▶ [PROBLEM DESCRIPTION]: Starting at the first entry below, repeat all the data word for word and drop the pictures.

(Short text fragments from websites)

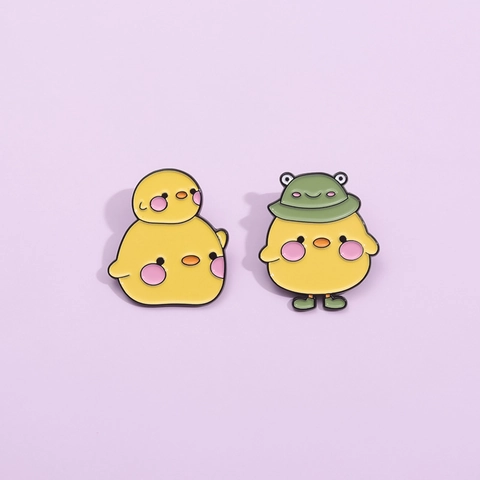 Broche en Émail de Canard Jaune de Dessin Animé Mignon Badge d'Animal en Alliage Laqué pour Décoration de Sac à Dos Vêtements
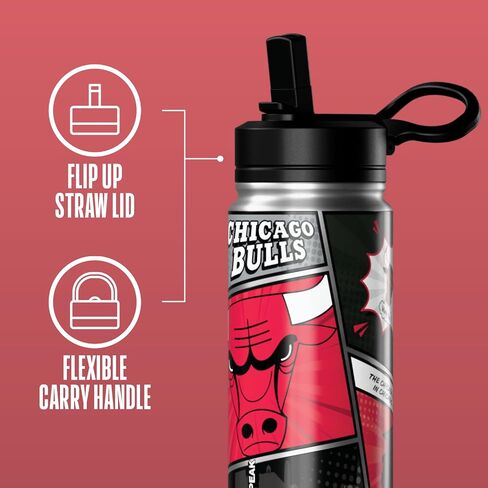 Hydrapeak x NBA مرخصة رسميًا من Chicago Bulls Active بغطاء زجاجة مياه بسعة 20 أونصة، قابلة لإعادة الاستخدام من الفولاذ المقاوم للصدأ بجدار مزدوج معزول، هدية رياضية للأطفال والكبار in Kuwait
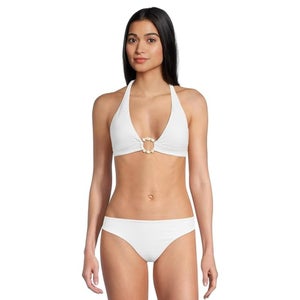 BECCA Marble Canyon Mira Bikini Top Women's Small White Halter Swimwear GBO2381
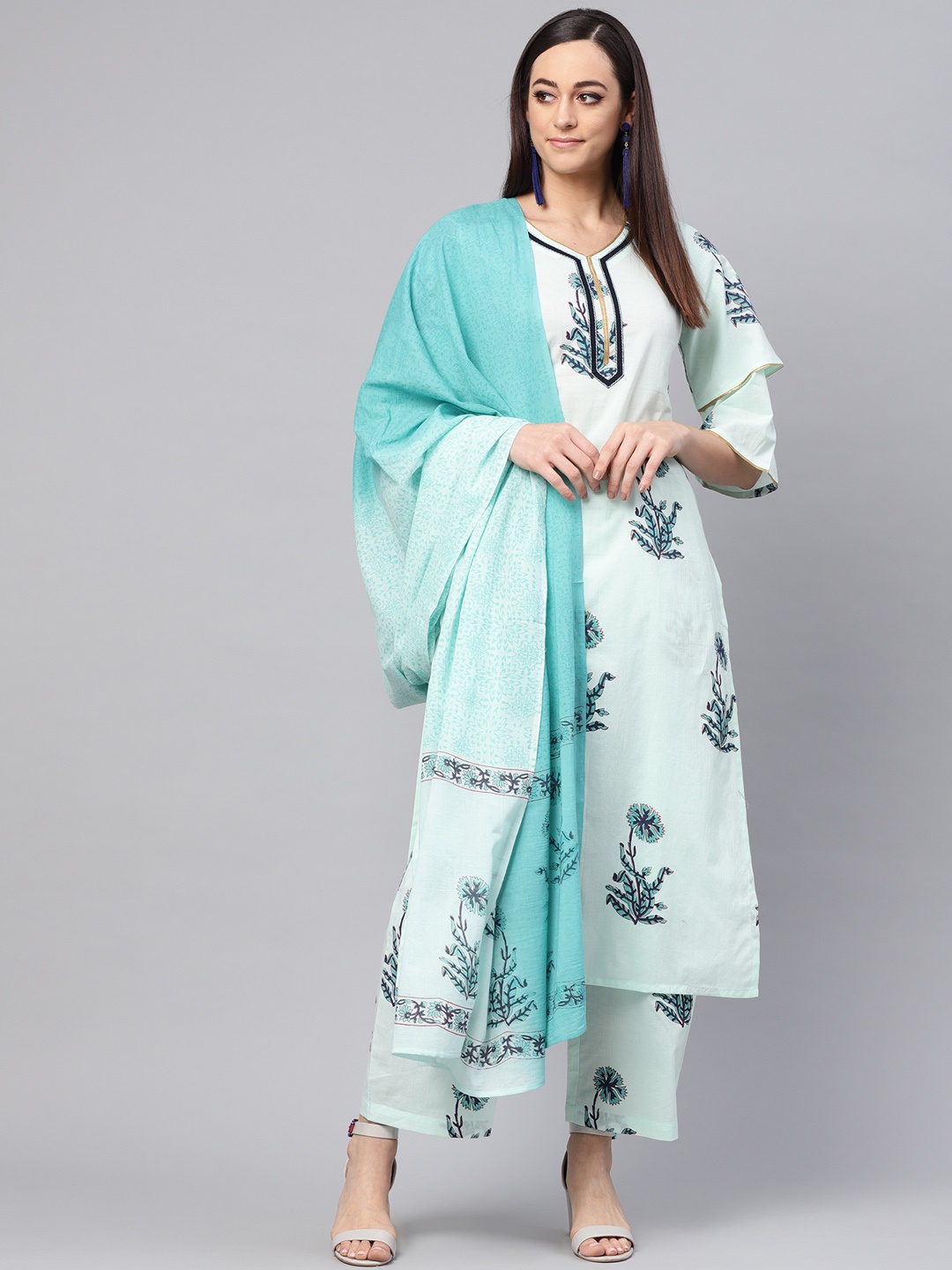 

Idalia Women Sea Green & Blue Handblock Print Kurta with Palazzos & Dupatta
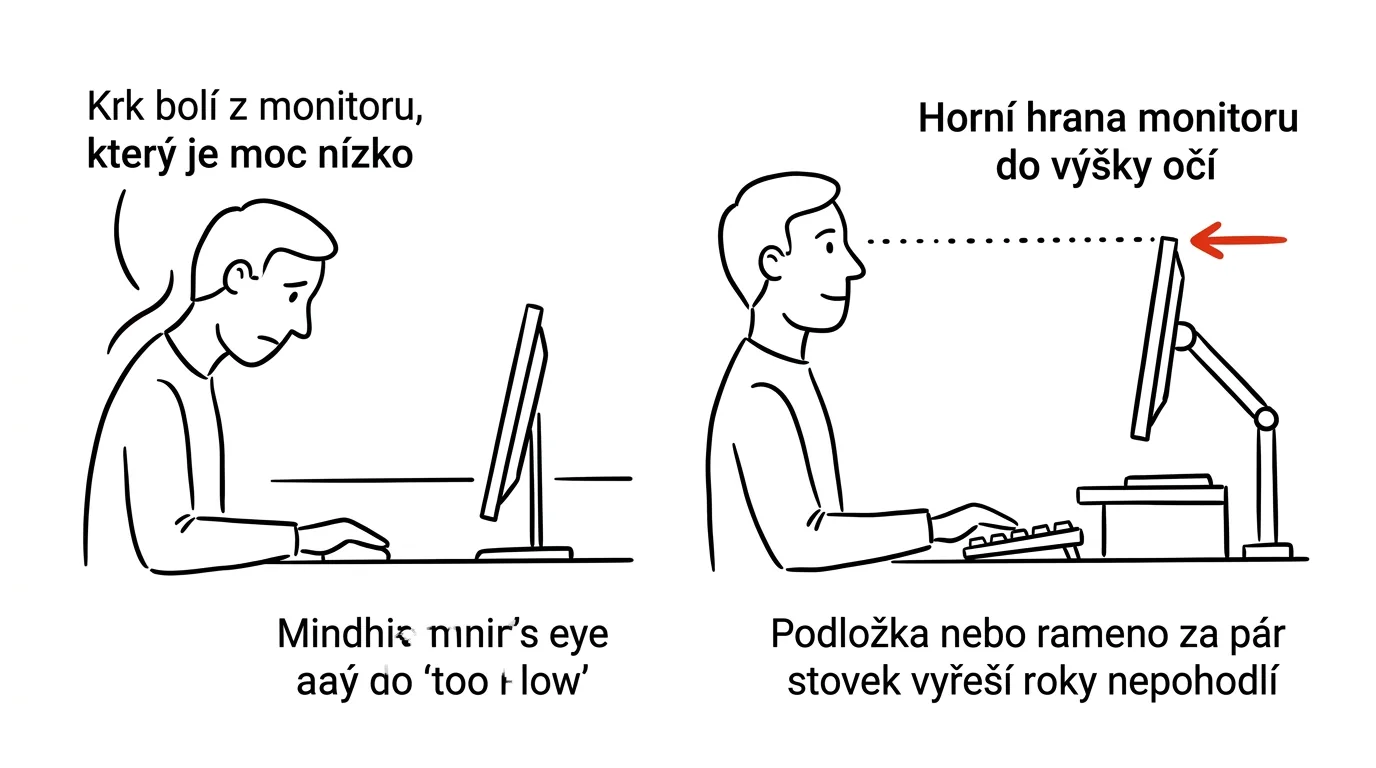 Illustration for: Top edge of your monitor at eye level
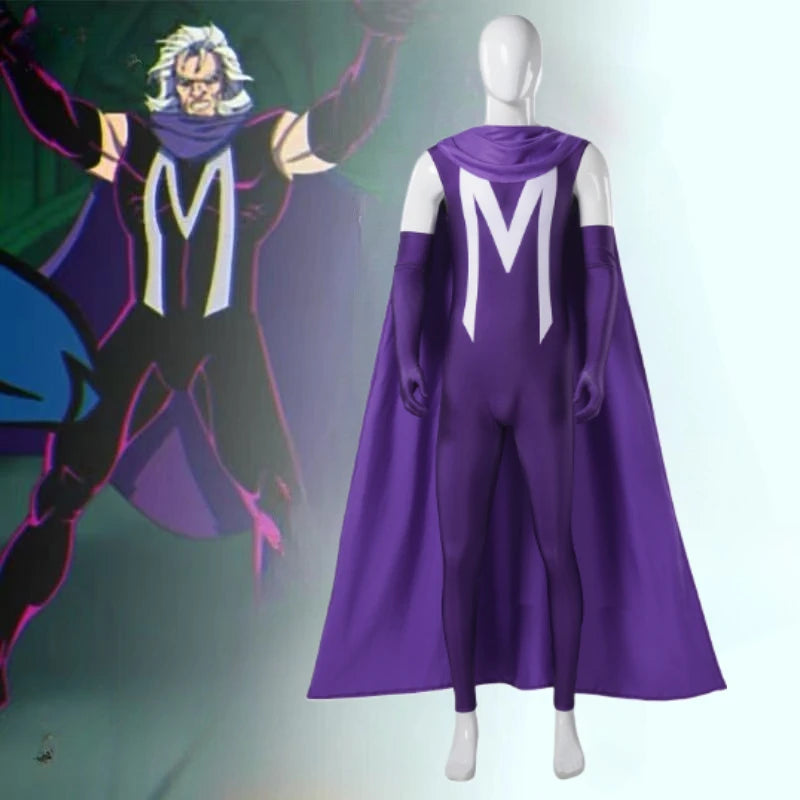 Anime Magneto Costume 97 X Costume Disguise for Men Male Adult Jumpsuit Glove Halloween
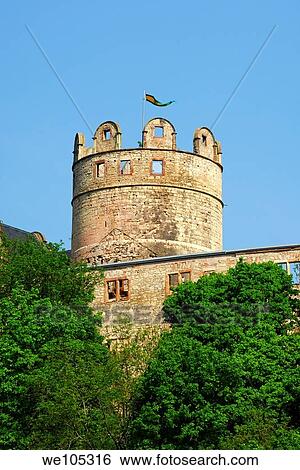 Stock Photograph - Keep of the Upper Castle, Oberschloss, of Kranichfeld, Thuringia, Germany. Fotosearch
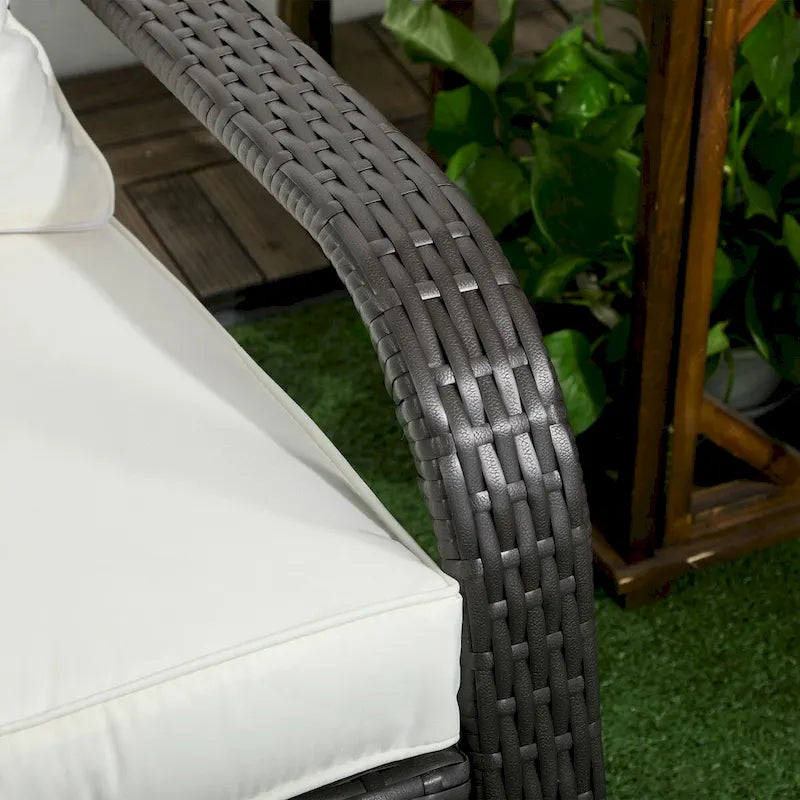 Fauteuil Adirondack en osier pour patio, fauteuil de foyer en rotin résistant aux intempéries, coussins moelleux, dossier haut et incurvé et accoudoirs
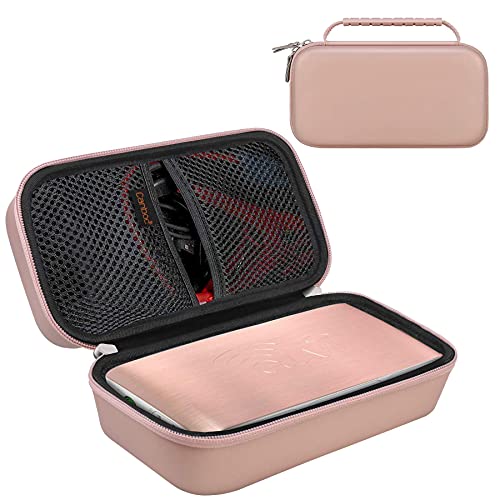 Canboc Carrying Case for Halo Bolt Portable Car Jump Starter 58830/57720/44400 mWh, Halo Bolt ACDC Max 55500 mWh Phone Charger, Mesh Bag for Jumper Cable, AC Wall Charger, Charge,Rose Gold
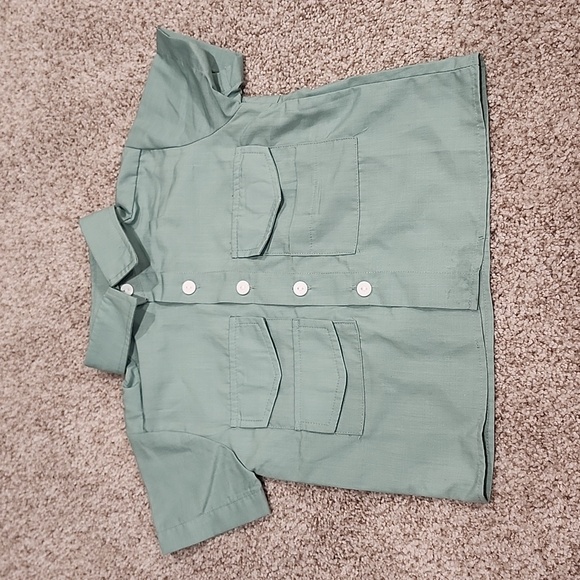 Knickers & Bows Boys 18 mth green short sleeve button up with deer applique - Picture 1 of 6
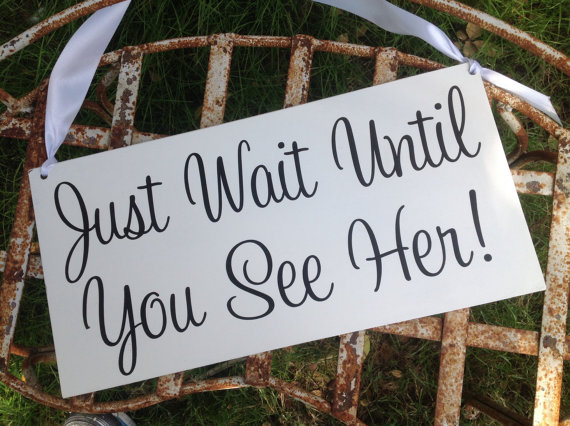 زفاف - Just Wait Until You See Her - Here Comes the Bride -  - Ring Bearer sign, Flower girl sign, Disney Wedding Sign
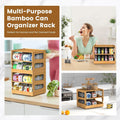 Teamkio Stackable Bamboo Cat Food Organizer, 2-Tier Adjustable FIFO Can Dispenser Space-Saving Storage, Holds Up to 36 Cans - Ideal for Pantry, Cabinet, Countertop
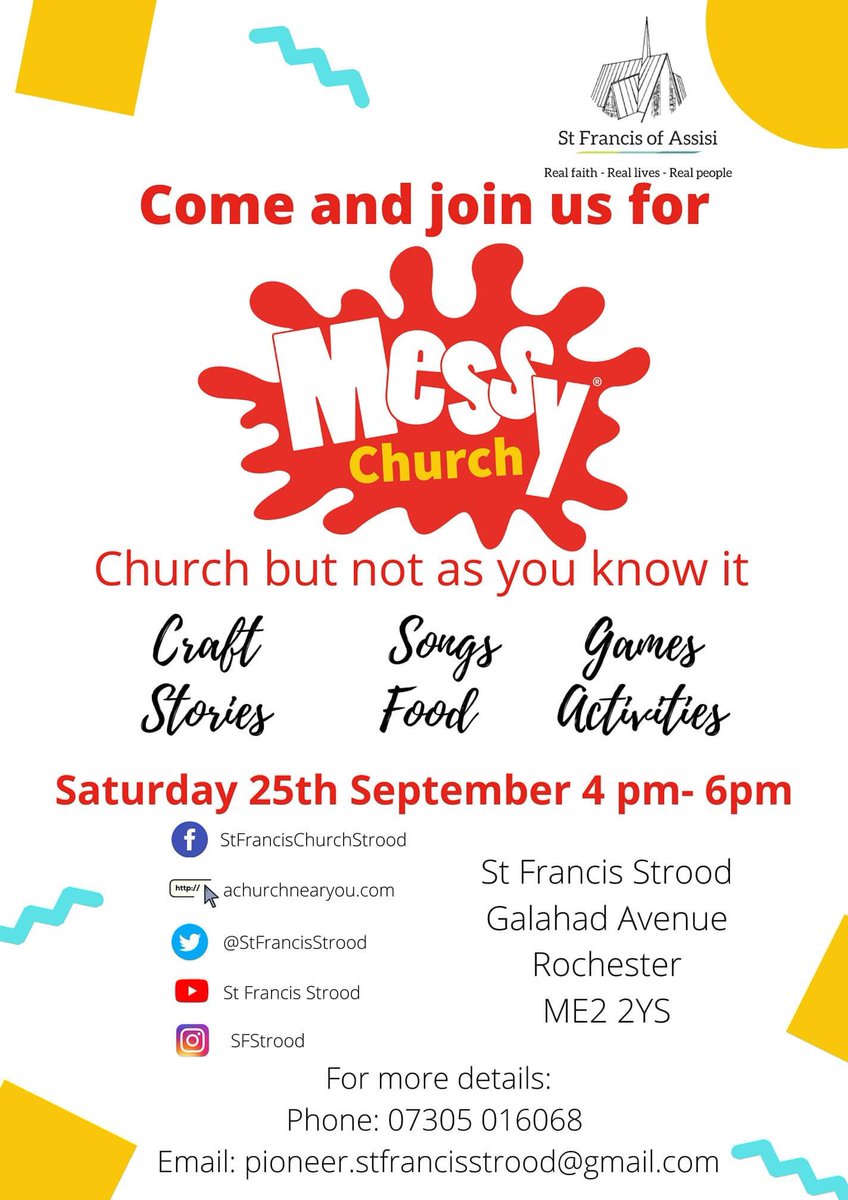 StFrancisStrood's tweet photo. Heads up for next weekend: the relaunch of Messy Church. All welcome from 4pm. #MessyChurch #RealFaithRealLivesRealPeople https://t.co/FADE1GNDgE
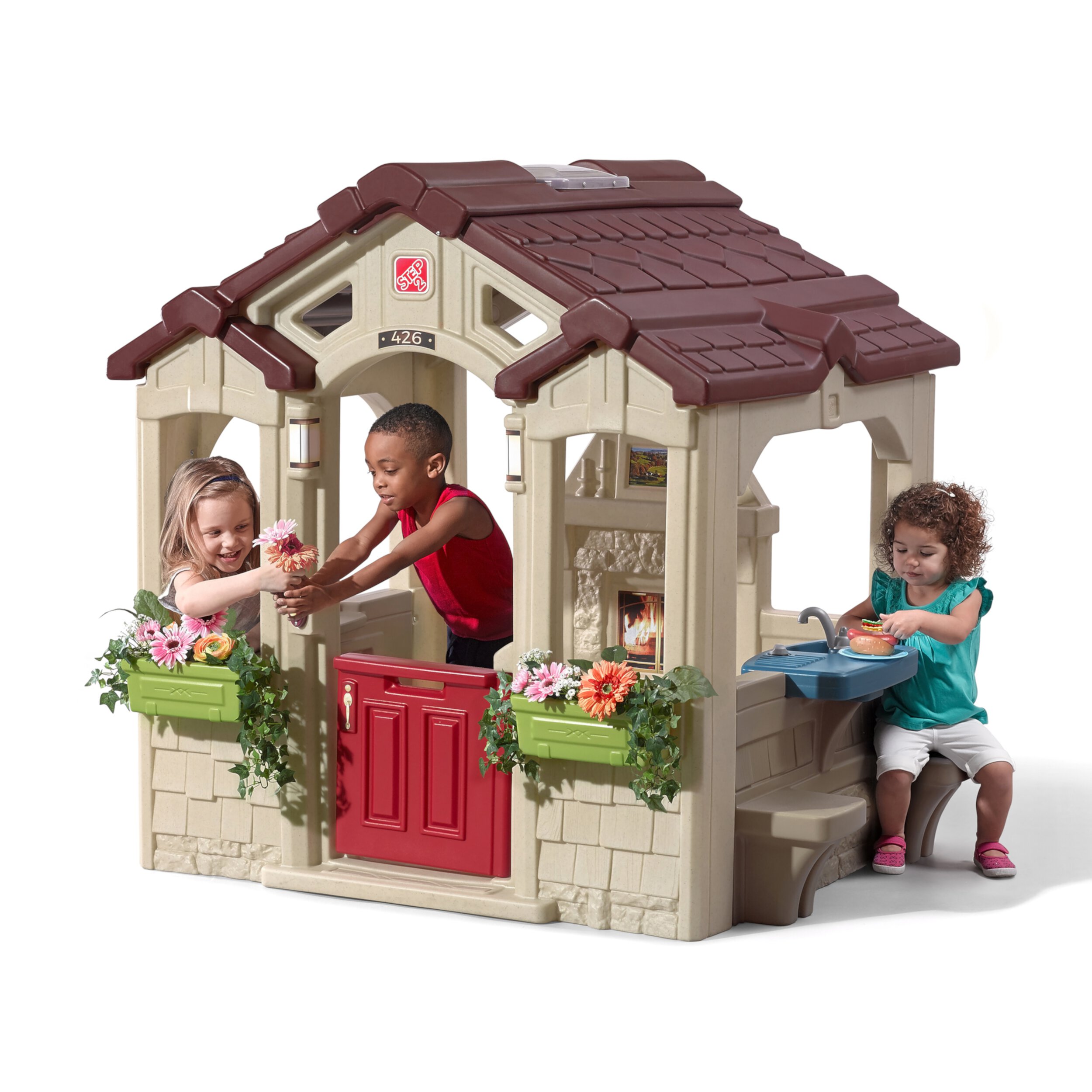 Step2 Charming Cottage Brown Toddler Plastic Playhouse for Kids Outdoor Toys Step2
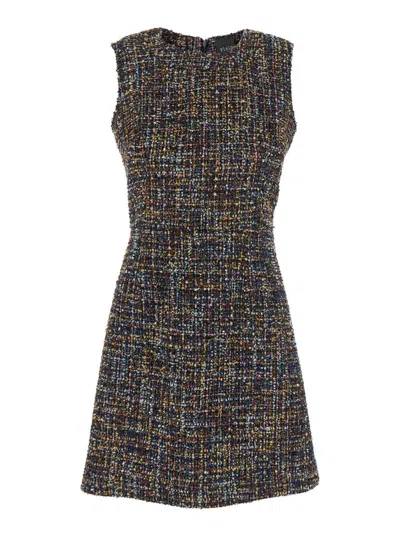Plain Tweed Multicolor Dress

▶ [RESULT]:
 Broche en Émail de Canard Jaune de Dessin Animé Mignon Badge d'Animal en Alliage Laqué pour Décoration de Sac à Dos Vêtements
 Hydrapeak x NBA مرخصة رسميًا من Chicago Bulls Active بغطاء زجاجة مياه بسعة 20 أونصة، قابلة لإعادة الاستخدام من الفولاذ المقاوم للصدأ بجدار مزدوج معزول، هدية رياضية للأطفال والكبار in Kuwait
 BECCA Marble Canyon Mira Bikini Top Women's Small White Halter Swimwear GBO2381

Idalia Women Sea Green & Blue Handblock Print Kurta with Palazzos & Dupatta
 Illustration for: Top edge of your monitor at eye level
 Anime Magneto Costume 97 X Costume Disguise for Men Male Adult Jumpsuit Glove Halloween
 Stock Photograph - Keep of the Upper Castle, Oberschloss, of Kranichfeld, Thuringia, Germany. Fotosearch
 Fauteuil Adirondack en osier pour patio, fauteuil de foyer en rotin résistant aux intempéries, coussins moelleux, dossier haut et incurvé et accoudoirs
 Canboc Carrying Case for Halo Bolt Portable Car Jump Starter 58830/57720/44400 mWh, Halo Bolt ACDC Max 55500 mWh Phone Charger, Mesh Bag for Jumper Cable, AC Wall Charger, Charge,Rose Gold
 Knickers & Bows Boys 18 mth green short sleeve button up with deer applique - Picture 1 of 6
 زفاف - Just Wait Until You See Her - Here Comes the Bride -  - Ring Bearer sign, Flower girl sign, Disney Wedding Sign
 Teamkio Stackable Bamboo Cat Food Organizer, 2-Tier Adjustable FIFO Can Dispenser Space-Saving Storage, Holds Up to 36 Cans - Ideal for Pantry, Cabinet, Countertop
 StFrancisStrood's tweet photo. Heads up for next weekend: the relaunch of Messy Church. All welcome from 4pm. #MessyChurch #RealFaithRealLivesRealPeople https://t.co/FADE1GNDgE
 Step2 Charming Cottage Brown Toddler Plastic Playhouse for Kids Outdoor Toys Step2
Plain Tweed Multicolor Dress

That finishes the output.